Obstacles and Wrong Turns on the Road from Brown: Milliken V. Bradley and the Quest for Racial Diversity in Education

32 Pages Posted: 28 Sep 2006

See all articles by Mark Rahdert

Mark Rahdert

Temple University - James E. Beasley School of Law

Abstract

Twenty years after Brown v. Board of Education promised racial desegregation in public schools, the Supreme Court's ruling in Milliken v. Bradley dealt a sharp blow to the hope that remained for integrated classrooms. Racial segregation continues to plague our system of public education, and will do so for the foreseeable future, thanks in large part to Milliken and its progeny.

This article (1) recalls the state of interdistrict remedies for racial segregation before Milliken I, (2) traces what the Court did in that case, (3) identifies three faulty routes that led the Court to make interdistrict remedies nearly impossible to obtain, (4) examines the case's lasting effect on public education, and (5) looks to higher education as the tenuously held last bastion of hope for racial desegregation in American schools.

Under the restrictive mandate imposed by Milliken I, interdistrict remedies for racially segregated schools are allowed only where three elements are present: (1) the record supports a finding of unconstitutional action by the suburban districts, (2) segregative actions in the urban district produced segregated suburban schools, and (3) the State drew school district lines based on race. Unless the plaintiff can show each element, district courts have no authority to remedy one racially disproportionate district in a way that affects another.

Three misguided routes led to the Court's debilitating decision in Milliken I: First, the requirement of proof of purposeful discrimination by the suburban district as a precondition for an interdistrict remedy confuses issues of right with issues of remedy. Second, by treating local school boards as constitutionally distinct entities, rather than as state actors, the Court confused localism with federalism (and seemed to forget that the Fourteenth Amendment trumps issues of federalism). Third, the Court inappropriately limited district court judges' equitable power to fashion whatever remedy is necessary to secure the right that has been denied.

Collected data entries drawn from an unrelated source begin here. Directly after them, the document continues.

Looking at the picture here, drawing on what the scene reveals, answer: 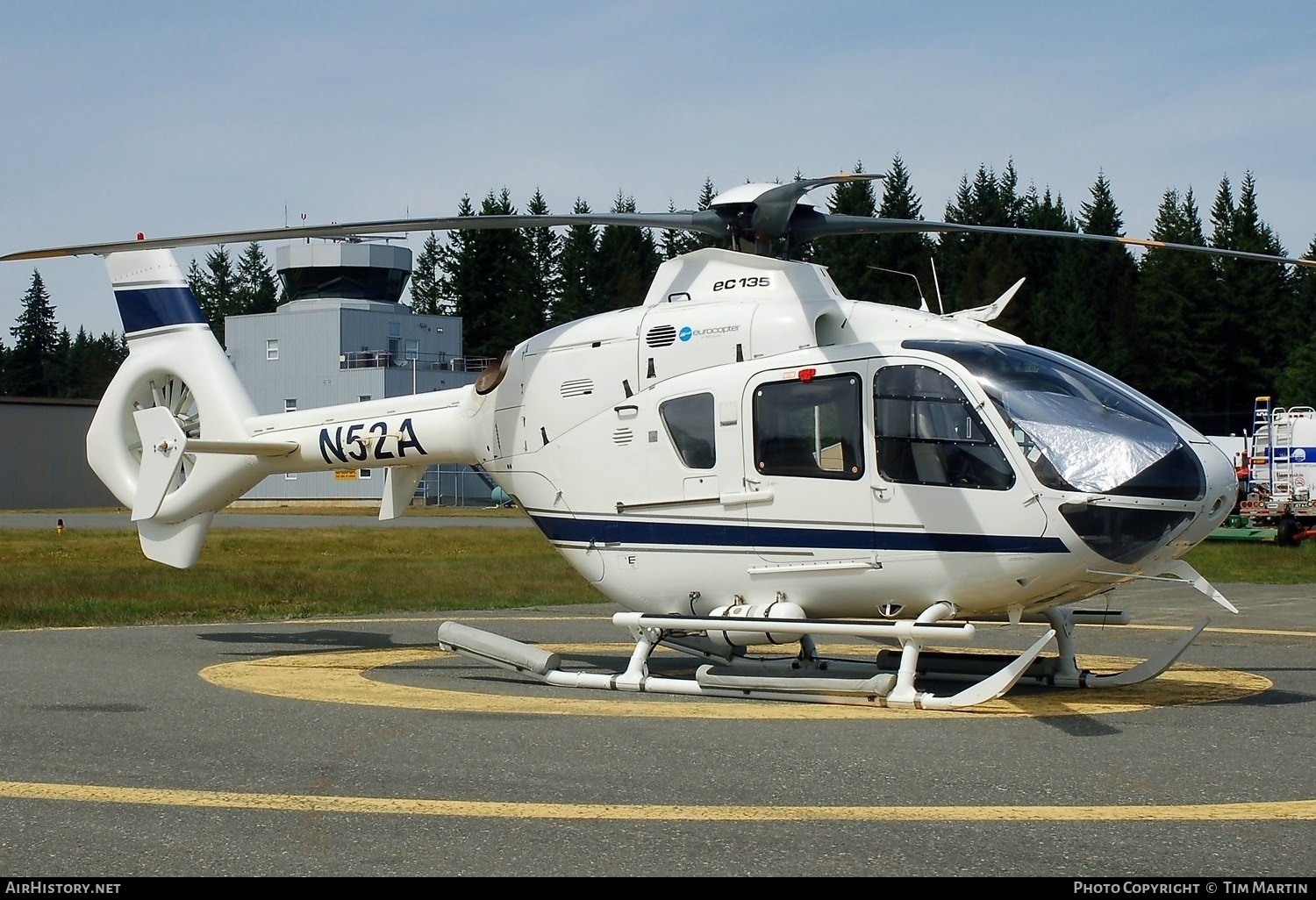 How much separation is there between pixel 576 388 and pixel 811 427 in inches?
101

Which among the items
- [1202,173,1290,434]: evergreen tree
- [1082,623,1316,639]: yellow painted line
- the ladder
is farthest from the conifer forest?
[1082,623,1316,639]: yellow painted line

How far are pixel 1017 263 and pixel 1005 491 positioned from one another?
79.7 meters

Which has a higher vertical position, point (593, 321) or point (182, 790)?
point (593, 321)

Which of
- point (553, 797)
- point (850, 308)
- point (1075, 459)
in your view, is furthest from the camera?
point (850, 308)

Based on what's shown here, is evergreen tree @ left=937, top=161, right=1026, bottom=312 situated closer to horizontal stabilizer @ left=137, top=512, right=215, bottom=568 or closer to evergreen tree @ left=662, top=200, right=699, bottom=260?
evergreen tree @ left=662, top=200, right=699, bottom=260

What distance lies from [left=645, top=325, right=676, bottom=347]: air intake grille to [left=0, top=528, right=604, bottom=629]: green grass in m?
9.60

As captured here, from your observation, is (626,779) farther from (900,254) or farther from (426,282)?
(426,282)

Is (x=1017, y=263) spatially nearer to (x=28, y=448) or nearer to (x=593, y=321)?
(x=28, y=448)

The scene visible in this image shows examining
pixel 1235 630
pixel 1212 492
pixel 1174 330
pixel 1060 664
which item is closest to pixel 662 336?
pixel 1060 664

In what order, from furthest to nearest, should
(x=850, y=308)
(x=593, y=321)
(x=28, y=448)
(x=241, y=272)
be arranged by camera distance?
(x=241, y=272) < (x=28, y=448) < (x=593, y=321) < (x=850, y=308)

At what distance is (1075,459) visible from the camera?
1060 centimetres

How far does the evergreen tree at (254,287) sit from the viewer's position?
13462 centimetres

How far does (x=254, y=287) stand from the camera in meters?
139
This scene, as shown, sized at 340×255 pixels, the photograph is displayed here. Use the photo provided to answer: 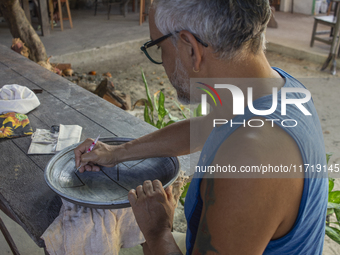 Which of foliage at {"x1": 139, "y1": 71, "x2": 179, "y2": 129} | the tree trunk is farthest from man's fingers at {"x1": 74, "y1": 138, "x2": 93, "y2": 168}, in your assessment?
the tree trunk

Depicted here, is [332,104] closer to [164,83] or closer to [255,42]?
[164,83]

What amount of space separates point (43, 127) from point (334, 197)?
1.94m

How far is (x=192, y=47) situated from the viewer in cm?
98

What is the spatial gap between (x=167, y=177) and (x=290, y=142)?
2.23 ft

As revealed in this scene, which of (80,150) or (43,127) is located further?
(43,127)

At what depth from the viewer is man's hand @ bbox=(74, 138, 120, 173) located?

The Milliken I blow was softened slightly by the Court's holding in Milliken II, allowing for modest compensatory programs in a narrow class of cases. However, the Rehnquist Court effectively closed this door in Missouri v. Jenkins when it struck down a district court's use of its compensatory authority to create magnet programs that would help achieve racial integration by enticing white, suburban students into inner city schools.

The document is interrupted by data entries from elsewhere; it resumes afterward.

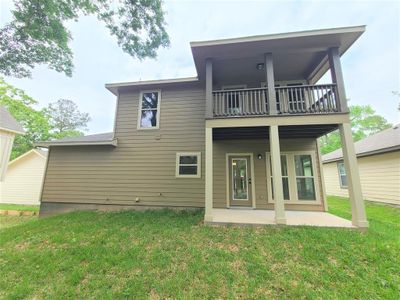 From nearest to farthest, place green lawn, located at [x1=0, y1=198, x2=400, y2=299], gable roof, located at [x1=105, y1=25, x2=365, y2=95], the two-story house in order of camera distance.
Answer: green lawn, located at [x1=0, y1=198, x2=400, y2=299] < gable roof, located at [x1=105, y1=25, x2=365, y2=95] < the two-story house

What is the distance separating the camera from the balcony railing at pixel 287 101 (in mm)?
5055

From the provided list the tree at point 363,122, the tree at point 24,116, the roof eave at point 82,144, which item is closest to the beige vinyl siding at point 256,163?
the roof eave at point 82,144

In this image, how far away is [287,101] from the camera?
520cm

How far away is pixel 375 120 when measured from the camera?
72.6 feet

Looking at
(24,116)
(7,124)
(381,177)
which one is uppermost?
(24,116)

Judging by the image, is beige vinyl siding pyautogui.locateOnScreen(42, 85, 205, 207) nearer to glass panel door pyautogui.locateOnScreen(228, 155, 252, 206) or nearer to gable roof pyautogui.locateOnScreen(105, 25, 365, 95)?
glass panel door pyautogui.locateOnScreen(228, 155, 252, 206)

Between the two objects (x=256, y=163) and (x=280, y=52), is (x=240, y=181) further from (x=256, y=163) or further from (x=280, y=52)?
(x=280, y=52)

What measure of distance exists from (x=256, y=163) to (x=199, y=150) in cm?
232

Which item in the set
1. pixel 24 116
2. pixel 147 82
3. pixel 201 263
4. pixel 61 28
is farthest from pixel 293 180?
pixel 24 116

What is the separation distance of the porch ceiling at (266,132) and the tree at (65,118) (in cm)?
2075

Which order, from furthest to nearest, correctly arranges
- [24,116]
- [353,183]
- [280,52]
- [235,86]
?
[24,116], [235,86], [280,52], [353,183]

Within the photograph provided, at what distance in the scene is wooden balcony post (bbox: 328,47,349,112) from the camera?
4.85 metres

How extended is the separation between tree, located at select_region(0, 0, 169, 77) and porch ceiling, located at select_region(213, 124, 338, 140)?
4.26 m

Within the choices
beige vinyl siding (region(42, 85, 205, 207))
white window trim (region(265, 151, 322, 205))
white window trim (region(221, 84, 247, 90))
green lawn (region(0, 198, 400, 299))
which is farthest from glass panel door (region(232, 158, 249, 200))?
white window trim (region(221, 84, 247, 90)) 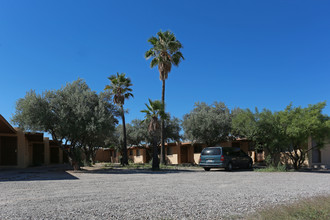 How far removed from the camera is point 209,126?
2691 centimetres

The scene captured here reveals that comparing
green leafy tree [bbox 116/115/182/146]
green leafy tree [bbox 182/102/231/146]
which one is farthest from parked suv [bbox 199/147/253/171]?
green leafy tree [bbox 116/115/182/146]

The Milliken-Jenkins double blow to efforts at desegregation is essentially irreversible at the K-12 level. Because legislatures are unlikely to implement a shake-up sufficient to achieve true integration of urban public schools, we must look to higher education in hopes of finding the integrated classroom promised in Brown.

The article thus concludes with a discussion of Grutter v. Bollinger, noting that we must prevent the process concerns that stymied Brown from likewise derailing educational affirmative action. Looking beyond the issues of academic freedom that underlie Grutter, the case carries remedial significance in that it presents a final source of hope for a remedy for past racial discrimination in education.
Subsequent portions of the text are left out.